((

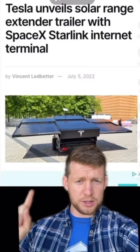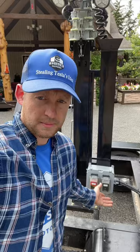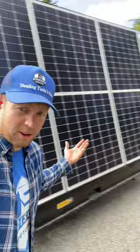Tesla just unveiled their solar powered range extender trailer this week. I just wanted to remind everyone that we have the solar power range extender trailer first. It's got 3,000 watts of solar and a bunch of lithium batteries — it can literally power your electric vehicle while you're hauling it down the road.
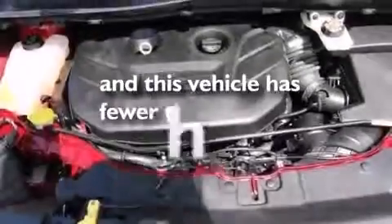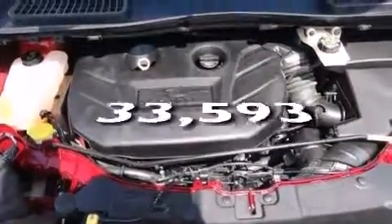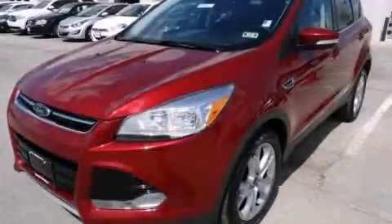This vehicle has fewer than 34,000 miles on the odometer. Please call today to reserve this vehicle for a test drive.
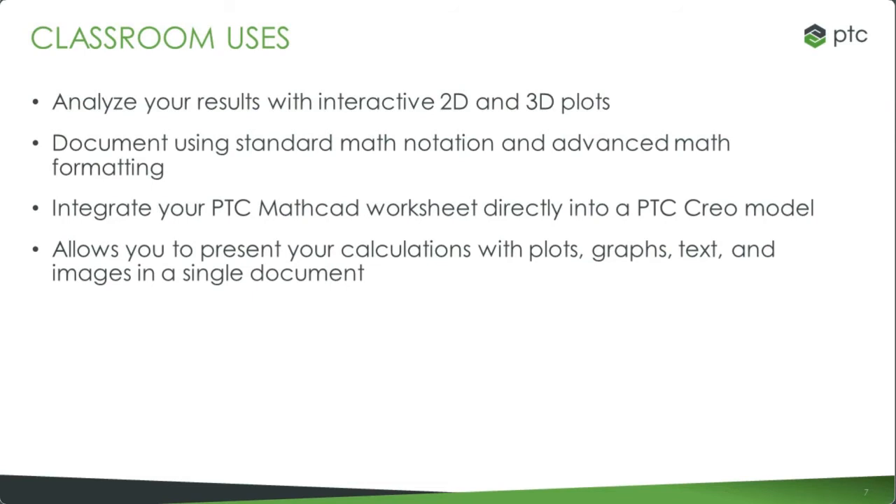They document using standard math notation and advanced math formatting. It allows you to present your calculations with plots, graphs, text, and images in a single document, and analyze your results with interactive 2D and 3D plots.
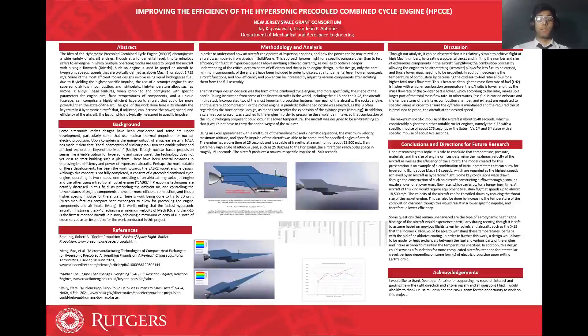Some key conclusions were drawn through the construction of such an aircraft. Constricting airflow through a smaller nozzle allows for a lower mass flow rate, which can allow for a longer burn time. An aircraft of this kind would require equipment to sustain flight and speeds up to almost 18,500 meters per second. Some questions that remain unanswered are the type of aerodynamic heating the fuselage would experience, particularly during re-entry, though based on previous flights by rockets and aircraft such as the X-15, it is safe to assume that the Inconel-X alloy would be able to withstand these temperatures, perhaps with the aid of an ablative coating.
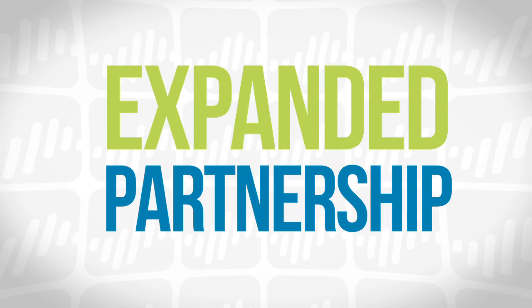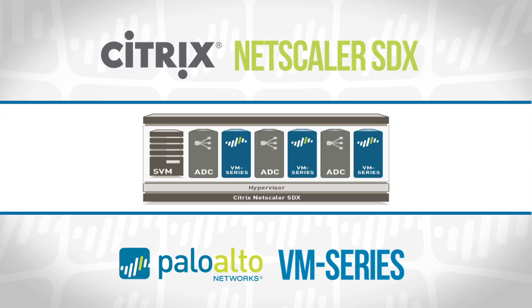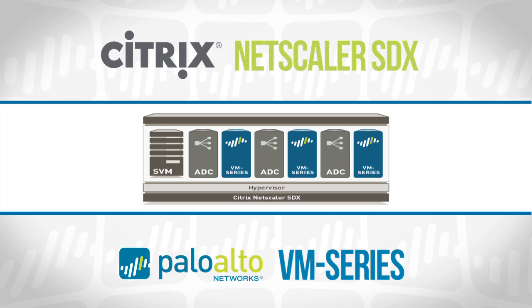The next phase of this alliance brings Palo Alto Networks VM series as a native workload on the Netscaler SDX platform. This allows organizations to stand up dedicated Netscaler instances and dedicated Palo Alto Networks instances on a Netscaler SDX platform to meet the very specific needs of individual applications.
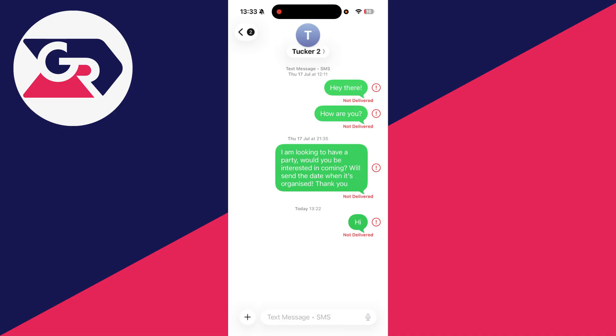You can then return to the message, press the exclamation mark, and press try again, or try sending a whole new message. Next, make sure the number you're trying to send a message to is correct — press the contact button at the top and double check it.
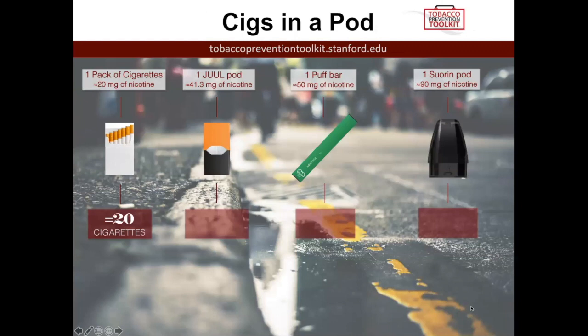This slide helps to shed light on how much nicotine is actually in these devices. We have a few examples here on the screen. Starting with cigarettes — for each cigarette, someone is taking in about 1.5 to 1 milligrams of nicotine. For simplicity, we'll say each cigarette is about 1 milligram of nicotine. If you multiply that by 20, or the number of cigarettes in a pack, that would be 20 milligrams of nicotine.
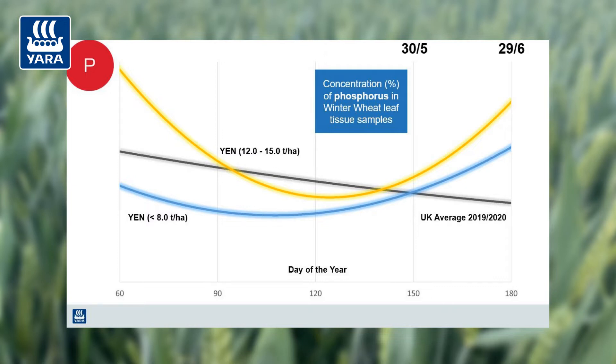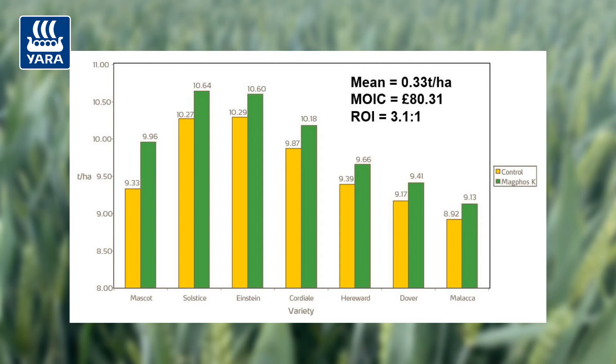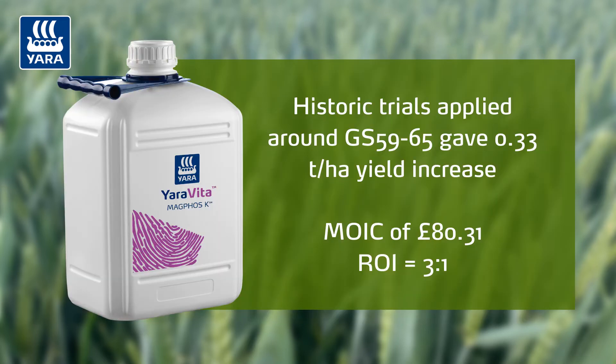Yara Vita Magphos K contains all three nutrients in one can. Historic trials data showed across a range of varieties a yield increase of 0.33 tonnes per hectare. Financially, that's worth around £80 per hectare margin over input cost, or a 3 to 1 return on investment.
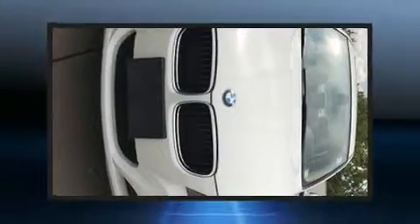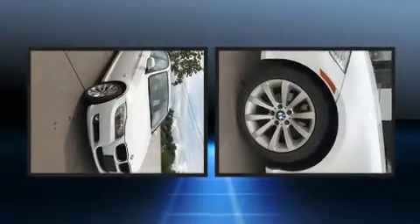Take command of the road in the 2011 BMW 328i xDrive. This four-door, five-passenger sedan has just over 80,000 miles.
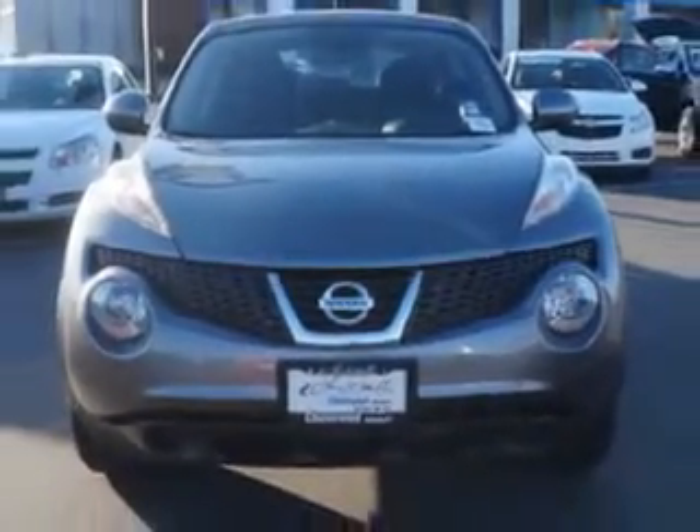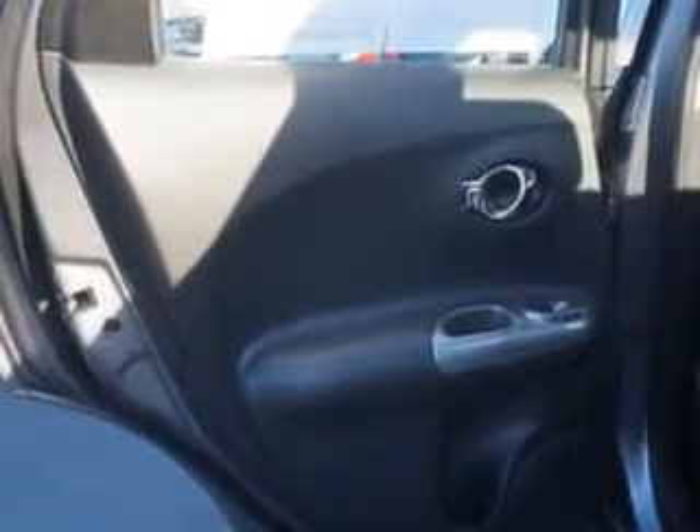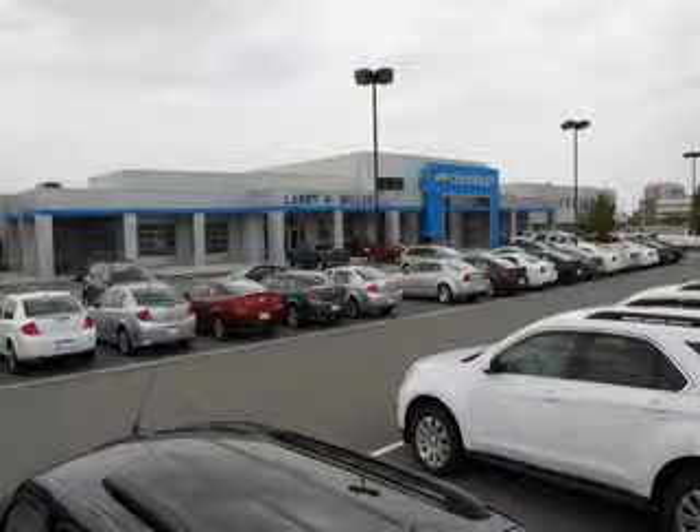Enjoy the drive and have peace of mind in this 2014 Nissan Juke. See us at Larry H. Miller Chevrolet of Murray today. Please contact us today or visit our site at LarryHMillerChevrolet.com. We look forward to seeing you soon.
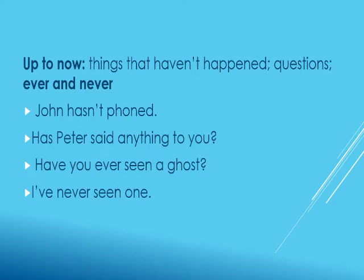Present perfect tense is also used to describe things that haven't happened, or in questions with 'ever' and 'never.' For example: 'John hasn't found' — John might have gone out and he hasn't found anything up to now. 'Has Peter said anything to you?' 'Have you ever seen a ghost?' 'I have never seen one.' In such sentences we use the present perfect tense.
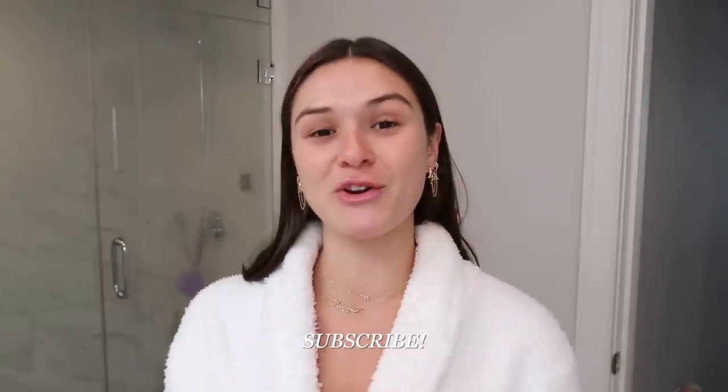That is pretty much everything — my everyday shower routine. I hope you guys enjoyed this video and seeing what I use. Check out Foreo if you're interested, and thank you to them for sponsoring today's video. Make sure you're subscribed to my channel if you're not already, and you can follow me on Instagram linked down below. Thank you so much for watching — I love you guys and I'll see you in my next video!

))

* **Exercise requirements**: Transcribe the whole of the data exactly, minus any pictures.

* **Answer to this exercise**:
Tesla just unveiled their solar powered range extender trailer this week. I just wanted to remind everyone that we have the solar power range extender trailer first. It's got 3,000 watts of solar and a bunch of lithium batteries — it can literally power your electric vehicle while you're hauling it down the road.
This vehicle has fewer than 34,000 miles on the odometer. Please call today to reserve this vehicle for a test drive.
They document using standard math notation and advanced math formatting. It allows you to present your calculations with plots, graphs, text, and images in a single document, and analyze your results with interactive 2D and 3D plots.
Some key conclusions were drawn through the construction of such an aircraft. Constricting airflow through a smaller nozzle allows for a lower mass flow rate, which can allow for a longer burn time. An aircraft of this kind would require equipment to sustain flight and speeds up to almost 18,500 meters per second. Some questions that remain unanswered are the type of aerodynamic heating the fuselage would experience, particularly during re-entry, though based on previous flights by rockets and aircraft such as the X-15, it is safe to assume that the Inconel-X alloy would be able to withstand these temperatures, perhaps with the aid of an ablative coating.
The next phase of this alliance brings Palo Alto Networks VM series as a native workload on the Netscaler SDX platform. This allows organizations to stand up dedicated Netscaler instances and dedicated Palo Alto Networks instances on a Netscaler SDX platform to meet the very specific needs of individual applications.
You can then return to the message, press the exclamation mark, and press try again, or try sending a whole new message. Next, make sure the number you're trying to send a message to is correct — press the contact button at the top and double check it.
This slide helps to shed light on how much nicotine is actually in these devices. We have a few examples here on the screen. Starting with cigarettes — for each cigarette, someone is taking in about 1.5 to 1 milligrams of nicotine. For simplicity, we'll say each cigarette is about 1 milligram of nicotine. If you multiply that by 20, or the number of cigarettes in a pack, that would be 20 milligrams of nicotine.
Yara Vita Magphos K contains all three nutrients in one can. Historic trials data showed across a range of varieties a yield increase of 0.33 tonnes per hectare. Financially, that's worth around £80 per hectare margin over input cost, or a 3 to 1 return on investment.
Take command of the road in the 2011 BMW 328i xDrive. This four-door, five-passenger sedan has just over 80,000 miles.
Enjoy the drive and have peace of mind in this 2014 Nissan Juke. See us at Larry H. Miller Chevrolet of Murray today. Please contact us today or visit our site at LarryHMillerChevrolet.com. We look forward to seeing you soon.
Present perfect tense is also used to describe things that haven't happened, or in questions with 'ever' and 'never.' For example: 'John hasn't found' — John might have gone out and he hasn't found anything up to now. 'Has Peter said anything to you?' 'Have you ever seen a ghost?' 'I have never seen one.' In such sentences we use the present perfect tense.
That is pretty much everything — my everyday shower routine. I hope you guys enjoyed this video and seeing what I use. Check out Foreo if you're interested, and thank you to them for sponsoring today's video. Make sure you're subscribed to my channel if you're not already, and you can follow me on Instagram linked down below. Thank you so much for watching — I love you guys and I'll see you in my next video!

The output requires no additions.